21 years ago, we learned to hate the word "Buffering..."

https://en.wikipedia.org/wiki/RealNetworks

I remember an anecdote from an old school broadcast engineer I knew about 15 years ago. He recalled some sales guy from Real coming in and saying "with this new box we can broadcast to 5 thousand people". Engineer pointed to a picture of crystal palace transmitter that happened to be in the room -- "with that we can transmit to 5 million".

I'm not convinced how muliticast works to mobile devices, but it's a painfully edge case. This type of event occurs in the UK once every 4 years (the olympics doesn't pull in these numbers -- except for 2012 when it was hosted in London), and even then only when England do well (so once every 20 years)

That said, ITV latency seemed far shorter than BBC latency, watching ITV player seemed acceptable. Apart from the lackluster commentary and the adverts.
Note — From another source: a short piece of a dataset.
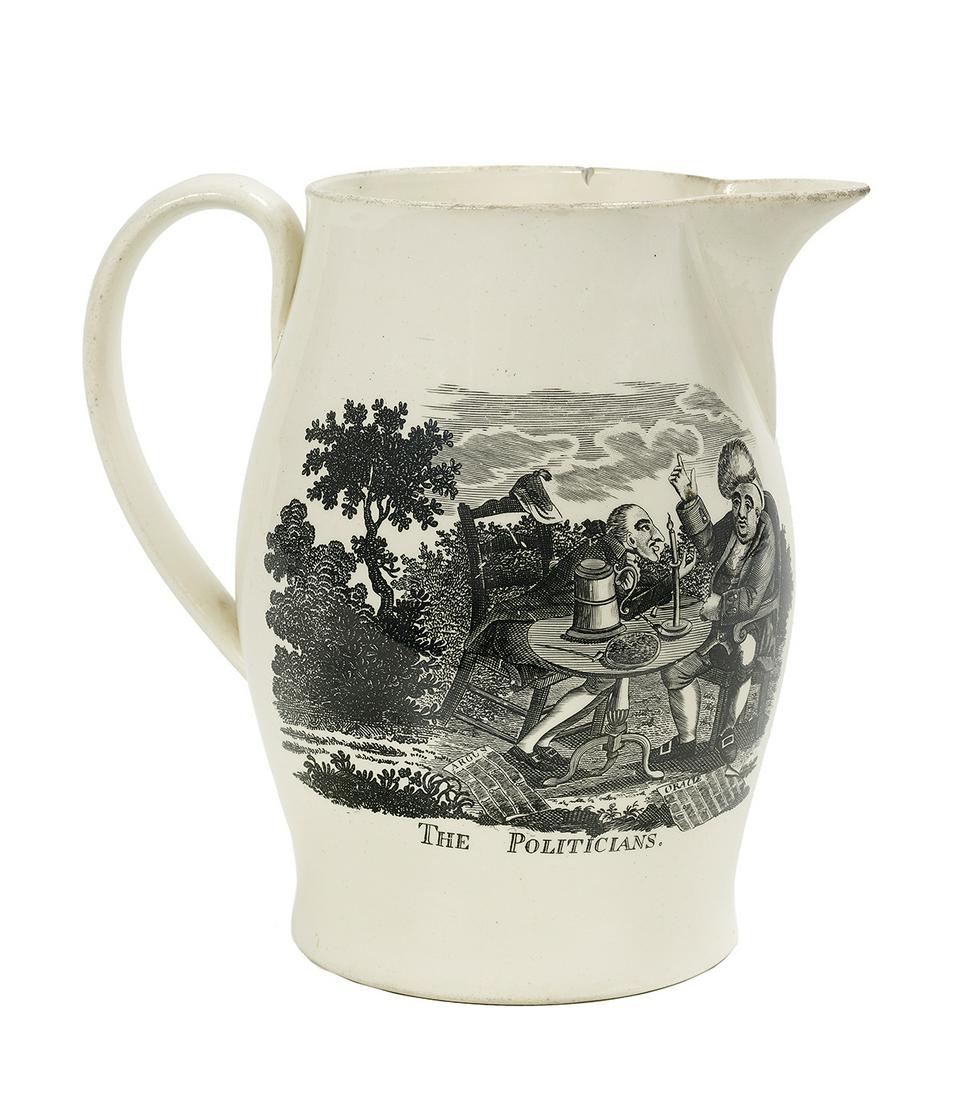 Liverpool-Type Transfer-Printed Creamware Jug: Rare Liverpool-Type Transfer-Printed Creamware Jug first quarter 19th century, possibly Herculaneum, the small jug decorated with "The Politicians" on the obverse and a view of "Merry Andrew" on the r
Not really when theres a good chance its ending up going through radio technology still anyways (wifi).

And its a matter of complexity - its obvious why OTA would have less problems to solve in order to get the same performance and behavior of something more complex.

OTA doesn't have less problems to solve. You have all the same problems of digital encoders etc (since all the media is digital anyway) PLUS the problems of transmission towers, solar events (I kid you not), wildlife, etc. You have the safety and cost problems supporting those hazardous and highly expensive equipment in remote locations.

IP streaming does actually solve a lot of problems. Plus these days OTA transmissions are all digital anyway. So serving that digital content via the internet is a natural progression. Sure things are superficially more complex at the moment but the technology hasn't matured yet.